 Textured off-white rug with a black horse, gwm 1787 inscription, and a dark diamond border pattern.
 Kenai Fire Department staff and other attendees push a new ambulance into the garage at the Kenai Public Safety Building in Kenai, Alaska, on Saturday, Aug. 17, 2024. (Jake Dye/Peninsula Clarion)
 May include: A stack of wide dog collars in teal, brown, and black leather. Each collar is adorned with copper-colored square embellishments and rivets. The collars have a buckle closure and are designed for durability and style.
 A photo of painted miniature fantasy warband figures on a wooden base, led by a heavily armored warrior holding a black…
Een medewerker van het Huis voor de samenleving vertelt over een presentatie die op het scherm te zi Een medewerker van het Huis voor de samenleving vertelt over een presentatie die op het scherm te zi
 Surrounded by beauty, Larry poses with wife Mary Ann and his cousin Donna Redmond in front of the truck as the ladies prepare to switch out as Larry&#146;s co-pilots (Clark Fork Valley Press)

* * *

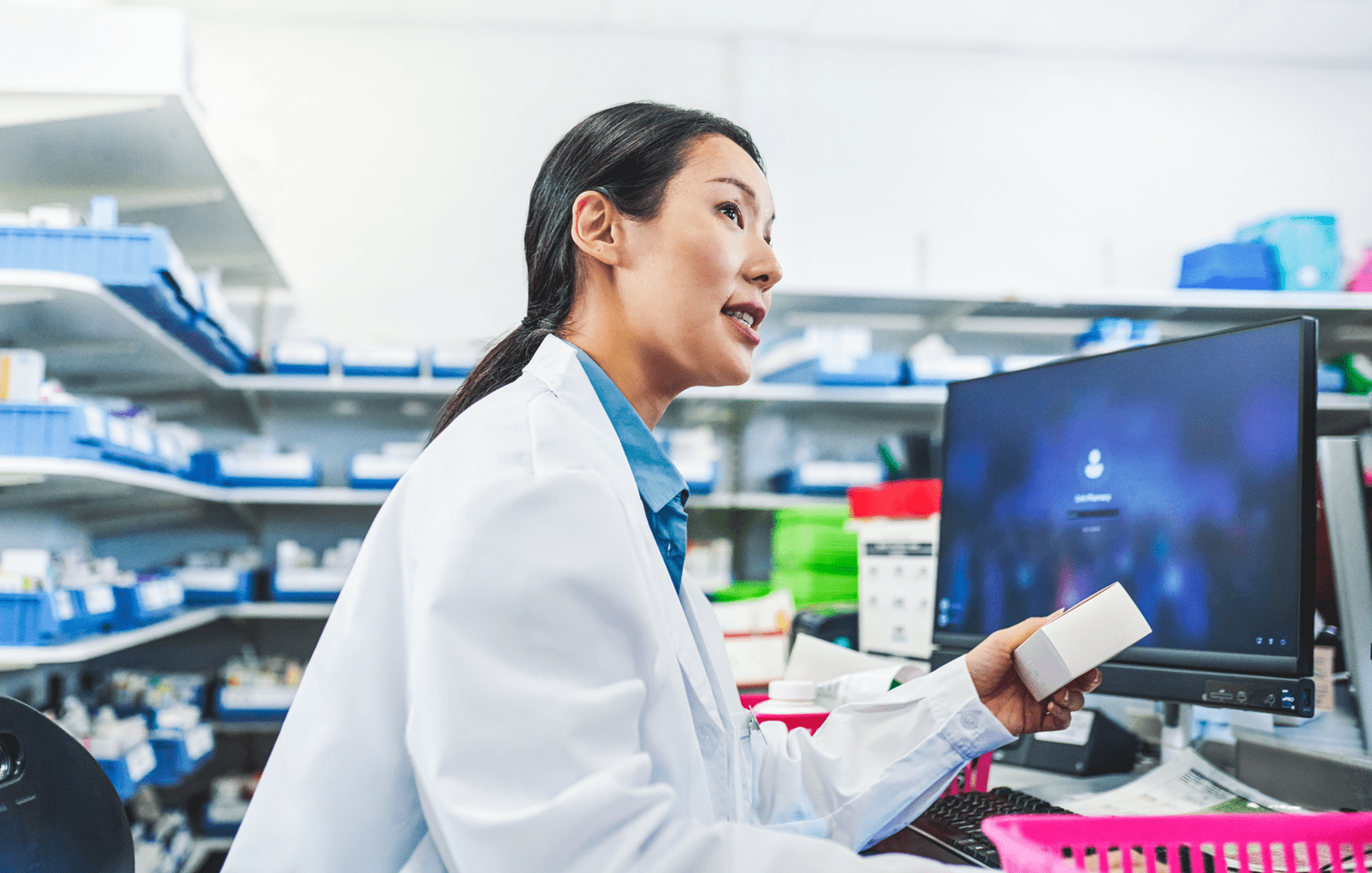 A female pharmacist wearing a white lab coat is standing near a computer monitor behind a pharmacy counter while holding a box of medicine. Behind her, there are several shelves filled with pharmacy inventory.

What you will do:
Scan the listing and report each line where the word "black" shows up.

Result of this exercise:
 Textured off-white rug with a black horse, gwm 1787 inscription, and a dark diamond border pattern.
 May include: A stack of wide dog collars in teal, brown, and black leather. Each collar is adorned with copper-colored square embellishments and rivets. The collars have a buckle closure and are designed for durability and style.
 A photo of painted miniature fantasy warband figures on a wooden base, led by a heavily armored warrior holding a black…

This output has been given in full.